Felipe Fernández-Armesto

Why would anyone choose to live in Puerto Rico?

US bailouts keep this poor relation afloat through bankruptcies, hurricanes and political bust-ups without even trying to boost its demographics or reverse its economic decline

An abandoned windmill for salt mining at Cabo Rojo, Puerto Rico. [Getty Images] 
issue 06 July 2024

From the eastern Atlantic, the US looks boringly uniform. Yet Alaska is almost as different from Alabama as Turku is from Turkey. If you travel the length of the Mississippi, food, laws, customs and lingo change as surprisingly as along the Danube. Particularism is rife. In two counties in Vermont, there are warrants for the arrest of George W. Bush. In some parts of the South, you must step across a county line to evade laws against alcohol.

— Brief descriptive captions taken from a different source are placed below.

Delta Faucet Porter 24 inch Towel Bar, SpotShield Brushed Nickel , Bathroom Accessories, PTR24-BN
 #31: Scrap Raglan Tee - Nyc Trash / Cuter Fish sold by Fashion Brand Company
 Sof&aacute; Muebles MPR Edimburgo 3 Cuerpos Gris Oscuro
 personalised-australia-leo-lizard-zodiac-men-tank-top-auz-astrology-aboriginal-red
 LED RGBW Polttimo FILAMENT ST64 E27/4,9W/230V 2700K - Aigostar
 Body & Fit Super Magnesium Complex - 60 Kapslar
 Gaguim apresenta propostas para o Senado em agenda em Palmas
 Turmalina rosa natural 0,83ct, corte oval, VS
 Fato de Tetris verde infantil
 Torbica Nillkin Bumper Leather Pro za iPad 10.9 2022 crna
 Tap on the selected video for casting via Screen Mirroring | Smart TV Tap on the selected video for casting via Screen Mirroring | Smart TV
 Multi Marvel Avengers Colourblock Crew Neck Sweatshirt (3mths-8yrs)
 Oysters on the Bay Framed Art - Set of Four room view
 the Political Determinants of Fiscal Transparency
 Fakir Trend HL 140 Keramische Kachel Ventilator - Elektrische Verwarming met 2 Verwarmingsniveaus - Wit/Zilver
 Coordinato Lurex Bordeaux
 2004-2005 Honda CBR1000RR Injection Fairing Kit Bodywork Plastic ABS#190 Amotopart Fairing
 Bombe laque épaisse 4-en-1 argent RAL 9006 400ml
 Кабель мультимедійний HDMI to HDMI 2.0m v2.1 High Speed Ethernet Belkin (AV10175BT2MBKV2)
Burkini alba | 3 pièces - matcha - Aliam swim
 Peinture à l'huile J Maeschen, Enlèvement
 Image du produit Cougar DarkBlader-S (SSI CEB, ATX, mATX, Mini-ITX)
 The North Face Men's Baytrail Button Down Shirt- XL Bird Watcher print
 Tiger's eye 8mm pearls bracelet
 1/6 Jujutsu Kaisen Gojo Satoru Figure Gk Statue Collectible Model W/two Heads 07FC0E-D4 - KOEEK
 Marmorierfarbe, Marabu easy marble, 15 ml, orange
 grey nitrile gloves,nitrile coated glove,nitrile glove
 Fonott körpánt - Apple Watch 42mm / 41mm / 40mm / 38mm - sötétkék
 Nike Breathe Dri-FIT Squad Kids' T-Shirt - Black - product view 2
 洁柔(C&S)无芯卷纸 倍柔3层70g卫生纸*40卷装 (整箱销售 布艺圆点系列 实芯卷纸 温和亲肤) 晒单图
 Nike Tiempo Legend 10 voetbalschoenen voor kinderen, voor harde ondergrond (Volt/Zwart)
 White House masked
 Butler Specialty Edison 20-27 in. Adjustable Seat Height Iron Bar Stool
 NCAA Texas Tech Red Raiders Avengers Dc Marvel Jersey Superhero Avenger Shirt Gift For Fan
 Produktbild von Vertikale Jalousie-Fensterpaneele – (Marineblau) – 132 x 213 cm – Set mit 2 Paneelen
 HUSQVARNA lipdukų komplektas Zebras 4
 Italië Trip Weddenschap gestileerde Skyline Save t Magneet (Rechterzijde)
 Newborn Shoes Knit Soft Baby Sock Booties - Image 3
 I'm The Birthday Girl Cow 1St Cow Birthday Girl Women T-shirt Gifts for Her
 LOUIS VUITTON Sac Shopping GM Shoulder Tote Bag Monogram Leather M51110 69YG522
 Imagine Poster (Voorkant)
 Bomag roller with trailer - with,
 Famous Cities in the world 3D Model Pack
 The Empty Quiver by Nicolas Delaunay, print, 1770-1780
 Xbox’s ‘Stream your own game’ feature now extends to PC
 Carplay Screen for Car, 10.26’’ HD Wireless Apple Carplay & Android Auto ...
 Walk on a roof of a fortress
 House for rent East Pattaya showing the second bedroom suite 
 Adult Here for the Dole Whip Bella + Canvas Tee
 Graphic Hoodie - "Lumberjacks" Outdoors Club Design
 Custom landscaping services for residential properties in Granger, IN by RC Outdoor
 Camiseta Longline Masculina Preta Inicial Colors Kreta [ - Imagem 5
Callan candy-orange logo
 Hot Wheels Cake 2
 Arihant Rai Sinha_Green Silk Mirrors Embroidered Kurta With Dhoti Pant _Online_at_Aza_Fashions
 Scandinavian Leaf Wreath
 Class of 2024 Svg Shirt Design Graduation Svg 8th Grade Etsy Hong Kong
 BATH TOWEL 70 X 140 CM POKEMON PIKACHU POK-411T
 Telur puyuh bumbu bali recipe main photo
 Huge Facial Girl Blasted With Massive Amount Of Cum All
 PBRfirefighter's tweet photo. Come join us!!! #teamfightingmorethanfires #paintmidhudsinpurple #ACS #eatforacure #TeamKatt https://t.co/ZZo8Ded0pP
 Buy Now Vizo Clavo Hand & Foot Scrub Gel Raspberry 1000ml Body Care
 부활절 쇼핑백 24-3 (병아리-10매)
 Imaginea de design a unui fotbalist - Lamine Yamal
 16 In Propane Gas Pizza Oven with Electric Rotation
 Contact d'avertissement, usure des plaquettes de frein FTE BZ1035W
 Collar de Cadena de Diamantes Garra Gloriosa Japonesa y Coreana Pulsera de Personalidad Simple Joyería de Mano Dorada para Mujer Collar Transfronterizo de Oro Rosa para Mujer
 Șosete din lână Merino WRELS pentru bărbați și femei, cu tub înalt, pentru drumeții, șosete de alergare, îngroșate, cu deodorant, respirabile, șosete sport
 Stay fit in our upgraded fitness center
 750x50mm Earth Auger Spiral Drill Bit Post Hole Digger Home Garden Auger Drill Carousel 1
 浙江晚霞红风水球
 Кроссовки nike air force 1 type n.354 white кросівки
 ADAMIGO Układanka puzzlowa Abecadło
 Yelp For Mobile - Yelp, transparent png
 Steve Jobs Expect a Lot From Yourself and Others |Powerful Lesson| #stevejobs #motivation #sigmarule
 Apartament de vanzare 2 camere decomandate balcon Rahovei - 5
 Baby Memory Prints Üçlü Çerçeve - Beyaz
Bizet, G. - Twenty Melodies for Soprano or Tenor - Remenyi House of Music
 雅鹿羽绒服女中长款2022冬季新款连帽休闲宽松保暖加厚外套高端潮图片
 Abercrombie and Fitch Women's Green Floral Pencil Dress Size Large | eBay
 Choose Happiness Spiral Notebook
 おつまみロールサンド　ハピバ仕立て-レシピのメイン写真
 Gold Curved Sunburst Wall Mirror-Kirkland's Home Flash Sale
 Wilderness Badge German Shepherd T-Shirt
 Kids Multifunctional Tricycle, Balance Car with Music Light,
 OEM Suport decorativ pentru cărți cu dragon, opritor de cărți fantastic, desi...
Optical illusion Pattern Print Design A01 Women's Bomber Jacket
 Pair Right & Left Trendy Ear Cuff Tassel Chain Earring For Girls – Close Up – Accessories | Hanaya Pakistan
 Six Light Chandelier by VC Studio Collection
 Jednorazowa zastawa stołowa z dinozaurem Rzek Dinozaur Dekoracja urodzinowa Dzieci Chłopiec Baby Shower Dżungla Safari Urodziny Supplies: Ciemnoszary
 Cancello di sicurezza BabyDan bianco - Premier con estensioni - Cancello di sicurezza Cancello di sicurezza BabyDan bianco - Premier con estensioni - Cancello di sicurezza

In Indiana, where I live, every county sets its own time zone and you have to keep adjusting your watch on your way to Chicago.

In this land of anomalies, nowhere is odder than Puerto Rico. It is an ‘associated’ state, but not a state of the union. Natives are US citizens, with every constitutional right except the one that America most over-values: equal and unfettered suffrage. Puerto Ricans take part in presidential primaries but, unless they move to the mainland, cannot vote in general elections. The archipelago has one non-voting representative in Congress – which can override the autonomy of the legislature in San Juan. In official documents, the use of estado (which signifies ‘state’ in Spanish) to mean ‘commonwealth’ in English magnifies confusion. Cases abound of minor officials miscasting Puerto Ricans as foreigners.

This tissue of absurdities, which has enveloped Puerto Rico since Congress conceded devolution in 1952, does not seem to have done the islanders much good. Rich by hemispheric standards, they are on average the poorest people in the US. The political elite remains small, inbred and plutocratic. A yankee veneer hardly enhances the typically corrupt gleam of Caribbean politics. US bailouts kept the archipelago afloat during the past decade’s succession of bankruptcies, hurricanes, earthquakes and intractable political bust-ups, without even trying to boost stagnant demographics or reverse economic decline.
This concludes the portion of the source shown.